Purpose-Built Data for COBS 9B Compliance
Wealth Intelligence was designed from the ground up to provide the independent behavioural evidence that firms need to build, validate, and monitor targeted support segments under PS25/22. Unlike generic market research or survey data, every aspect of the Wealth Intelligence dataset is structured to map directly to COBS 9B requirements.
This article explains exactly how our data supports each stage of the targeted support lifecycle.
The Three Pillars of COBS 9B
The targeted support framework rests on three requirements, each of which demands specific types of evidence:
| 1. Segment Design | Define segments using common and excluding characteristics |
| 2. Segment Validation | Evidence that characteristics are objective, not product-driven |
| 3. Outcome Benchmarking | Demonstrate consumers are in a better position after receiving targeted support |
Pillar 1: Segment Design
Wealth Intelligence provides cross-provider behavioural data across six dimensions of the wealth lifecycle:
- Pension contributions and drawdown: Pot sizes, contribution patterns, withdrawal timing, tax-free cash decisions, and drawdown purpose across 57+ providers
- ISA behaviour: Wrapper preferences (Cash vs. Stocks & Shares), deposit patterns, transfer intent, and provider switching behaviour
- Credit and borrowing: Mortgage behaviour, credit utilisation, debt-to-income ratios, and credit management patterns
- Insurance and protection: Coverage needs, protection gaps, risk appetite indicators
- Inheritance and estate planning: Gifting behaviour, IHT threshold modelling, intergenerational transfer patterns
- Investment and platform behaviour: SIPP contributions, risk preferences, platform selection, and switching patterns
This breadth allows firms to identify common characteristics that span the full financial lifecycle, not just the products they happen to offer. When you define a segment as “consumers who are actively modelling drawdown while also carrying significant mortgage debt,” Wealth Intelligence provides the cross-provider evidence that this combination of characteristics defines a genuine consumer group.
Pillar 2: Segment Validation
Validation is where most firms struggle, because it requires evidence that your segments are not simply a reflection of your own product architecture.

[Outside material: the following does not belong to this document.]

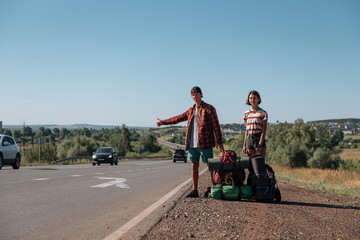 Hitchhiking couple. Backpackers on road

Wealth Intelligence supports validation by:
- Independent clustering: Our data reveals natural consumer groupings that exist across the market, regardless of which provider a consumer uses. You can test whether your internally defined segments align with market-wide behavioural clusters
- Excluding characteristic evidence: We provide quantitative evidence that the characteristics separating your segments are genuinely discriminating in market-wide data, not just within your book
- Methodology documentation: Every Wealth Intelligence delivery includes methodology documentation that explains data collection, aggregation, and anonymisation processes, providing the audit trail the FCA expects
For example, if you define an excluding characteristic as “consumers with transfer intent above 20%,” Wealth Intelligence can confirm whether that threshold meaningfully separates distinct behavioural groups in cross-provider data, or whether it is an arbitrary cutoff that happens to work in your book.
Pillar 3: Outcome Benchmarking
The “better position” test requires a benchmark against which to measure outcomes. Wealth Intelligence provides:
- Market-wide cohort benchmarks: Outcome metrics for comparable consumer groups across the market, enabling firms to demonstrate that consumers receiving targeted support are performing better than market peers
- Segment-level monitoring data: Ongoing behavioural data that tracks whether segment compositions and behaviours are stable, or whether recalibration is needed
- Trend analysis: 13+ months of longitudinal data showing how consumer behaviour is evolving, enabling proactive adjustment of targeted support propositions
How Our Data Is Different
Three characteristics make Wealth Intelligence distinct from other external data sources:
- Behavioural, not survey: Every data point reflects a real consumer decision captured through financial modelling tools — not a survey response or stated preference. This matters because the FCA expects evidence based on observable behaviour
- Cross-provider by design: Our modelling tools are provider-agnostic, capturing behaviour across 57+ providers. Consumers using our tools are actively comparing and modelling across the market, producing inherently cross-provider data
- 100% first-party: All data is collected directly from consumer interactions with our own tools. There is no third-party data resale, no panel estimation, and no modelled or imputed data. The provenance is clean and auditable
Delivery and Integration
Wealth Intelligence data is available in formats designed for practical integration into your targeted support workflow:
- Segmentation-ready datasets: Pre-structured data organised around COBS 9B requirements, with segment-level aggregations and characteristic profiles
- Raw behavioural feeds: Granular, anonymised behavioural data for firms that want to run their own clustering and analysis
- Benchmark reports: Periodic reports comparing your segment outcomes against market-wide cohorts
- Methodology packs: FCA-ready documentation covering data provenance, collection methodology, anonymisation processes, and regulatory alignment
Key Takeaway
Wealth Intelligence is not a generic market research tool. It is purpose-built for the specific evidence requirements of COBS 9B. Cross-provider behavioural data, structured around segment design, validation, and outcome benchmarking, delivered with the methodology documentation the FCA expects to see.